Vous expliquiez alors ne plus pouvoir prolonger ces aides au gazole en raison de l'expiration du régime européen qui les autorisait. Et vous annonciez un « plan de transition énergétique » des navires de pêche, avec à court terme une réduction de 13 centimes d'euros par litre financée par TotalEnergies, et censée compenser la fin de la remise de 20 centimes d'euros. Ce plan n'a pas apaisé les pêcheurs qui vous ont défié publiquement, en appelant au Président de la République. Vous avez, depuis, fait marche arrière et annoncé il y a deux semaines que l'aide serait finalement prolongée jusqu'au 4 décembre. Pourquoi ce revirement ? Pouvez-vous nous assurer que l'aide au gazole sera prolongée aussi longtemps que durera la guerre en Ukraine et que les prix du gazole demeurent élevés ?

Vous avez en parallèle pris l'engagement de poursuivre la mobilisation au niveau européen afin que l'encadrement temporaire de crise de la Commission européenne, qui autorise jusqu'à fin décembre le versement de cette aide, soit prolongé en 2024 et associé à un relèvement des plafonds. Vous avez rencontré avant-hier le Commissaire européen à Luxembourg où vous participiez à un Conseil pêche : avez-vous obtenu de sa part des garanties à ce sujet ?

Nous restons inquiets. La pêche, vous le savez, représente toute une filière : au moins trois hommes à terre pour un homme en mer. C'est une filière d'avenir pour l'économie, pour l'environnement et pour la souveraineté alimentaire de la France, alors que nous importons déjà plus de 75 % du poisson consommé dans notre pays. Elle façonne nos paysages, notre culture, l'identité des populations côtières.

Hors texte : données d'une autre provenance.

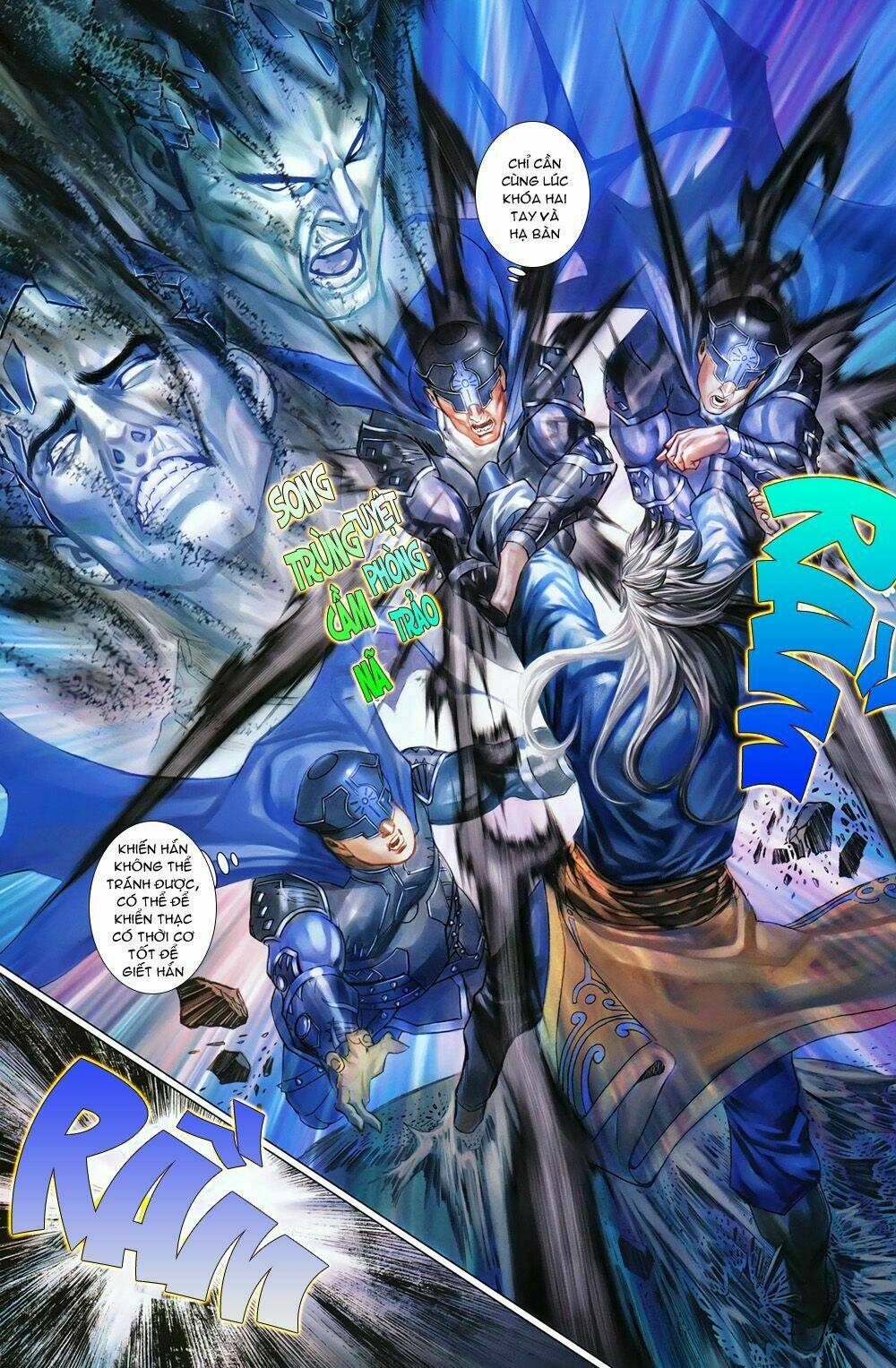 thiên tử truyền kỳ 7 - tam quốc kiêu hoàng chapter 20 14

Pourtant, entre l'absolutisme de la Commission européenne autour des aires marines protégées (AMP), les projets d'éoliennes offshore, et les menaces sur les quotas de pêche dans les eaux anglaises après 2026, les préoccupations s'accumulent. C'est pourquoi nous tenions à vous entendre aujourd'hui sur votre vision de la filière et votre stratégie pour assurer son avenir.

Monsieur le ministre, je vous cède la parole.